As you already note, due to the nature of the JSON parsing means that MongoDB is not open to the same type of "scripting" injection attacks as can possibly be done with an API that allows SQL to pass through it.
For your point 2. The common sense approach is to have only certain operations as endpoints. So such as query
or with update
and basically require authentication on the operations performed by the client. So you would not expose potentially dangerous operations to the API.
Also there is general authentication and roles to consider. So you would only allow the API to perform the actions that are allowed by it's presented "role". That protects you some more without necessarily needing to check this in your code, or at least then just trap the error from an "unauthorized" operation.

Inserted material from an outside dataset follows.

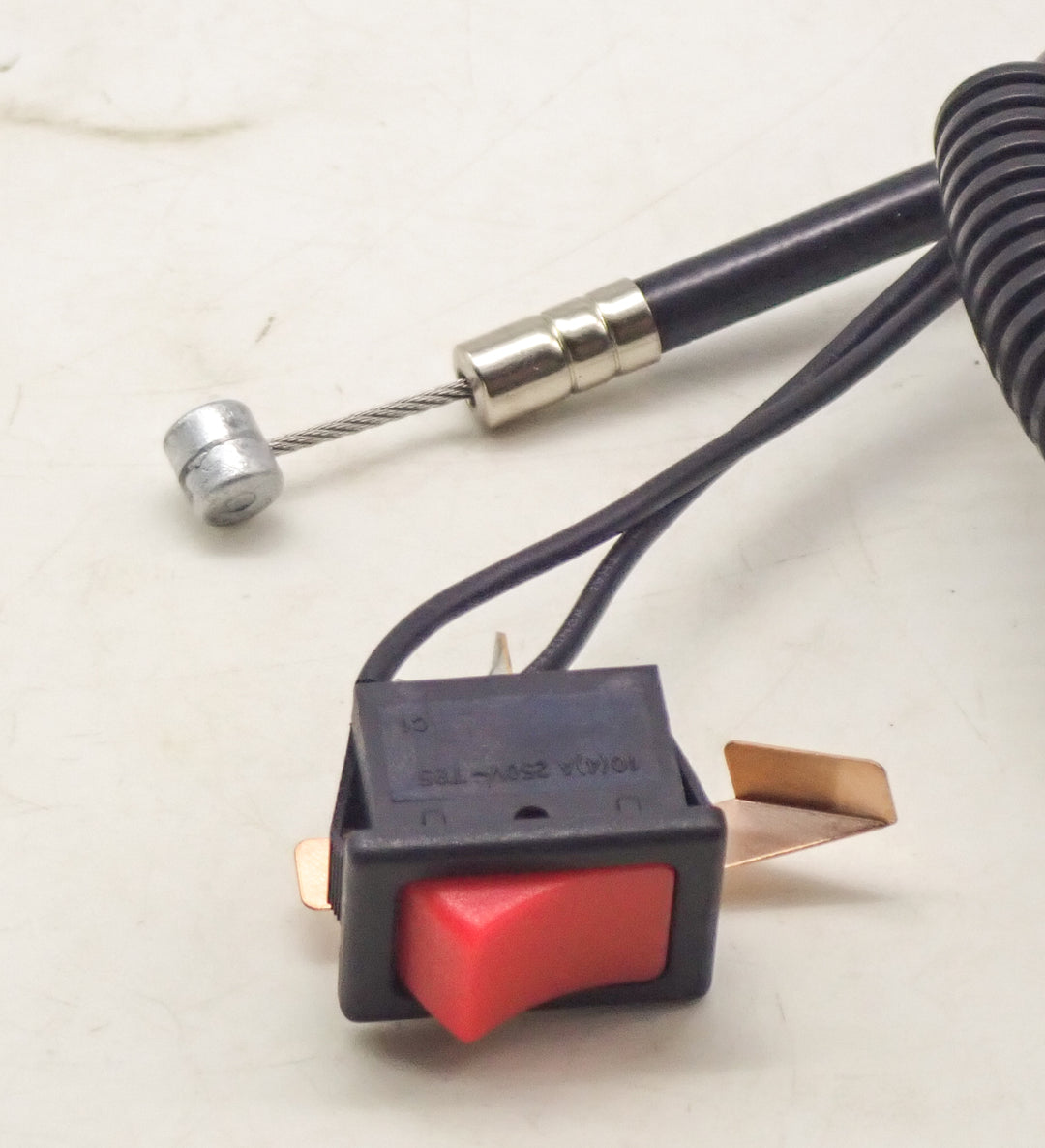 GENUINE ECHO CONTROL CABLE ASSEMBLY FITS PB-580H V043001201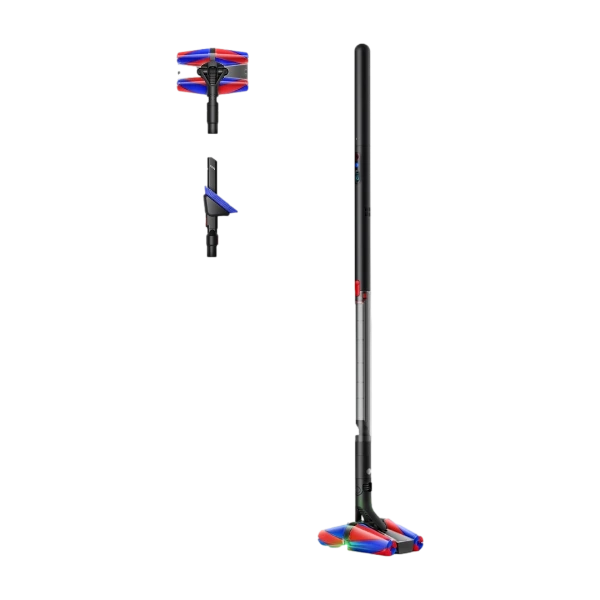 Dyson PencilVac Fluffycones skaftdammsugare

Finally for 3. as a possible alternative to checking for the presence of the $where
operator in a provided query ( though the limitations of what you can do get better with each version ), you can actually turn this off on the server using the --noscipting
option.
So there really are quite a few protective measures you can take that helps you avoid "script injection" attacks, but generally speaking the same sort of dangers do not exist.
In general the whole approach depends on a few more things than mentioned in the first answer here, but concerning security the best approach is being paranoid.
Implementing database queries in a REST-API concerning security is a tough job, but I think you made already a good start:
- table-names are not exposed
- queries are reduced to most important parameters and not complete query-code.
What you still should consider and implement:
- any field-names like user
should only be accepted on server-side if they are existing in a predefined array of allowed fields.
- allowed fields could vary on base of the user who is using the REST-API, an API-Key or a user-group of API-Users.
- you should use https
to avoid man-in-the-middle-attacks
. Even read-only
data can harm if they are manipulated on the way to the client. Also the installation of https should be tested on a benchmark-site i.e. https://www.htbridge.com/ssl/, just a certificate is not really secure.
- for some operations you could require one-time-hashes for additional security.
- the amount of requests per API-user could be limited, i.e. to 20 or 100 per hour (as low as possible).
- keywords like field-names and SQL like or
, where
, etc. should be mapped, so that they are either compared to an array of allowed expressions like explained above, or in JSON they could be even different and mapped on server-side to real query-expressions. So on client-side it's called perhaps user
but on server-side in the database-table the field is called username
and this fieldname is nowhere exposed to the clients.
- check every API-user if (s)he is allowed to see the requested data. As example some API-users might perhaps only see special user-groups of the data-table but not all.
- never rely on any client-data, validate and control everything, even the choice that is accepted on server-side is already very limited in your example.
- if where-clauses are granular translated in JSON you can allow them too, just strings are hard to validate. It just makes a bit more work, if you map all fields like advised above to keep documentation complete and correct even the fieldnames might be different for API-users than in reality on server-side.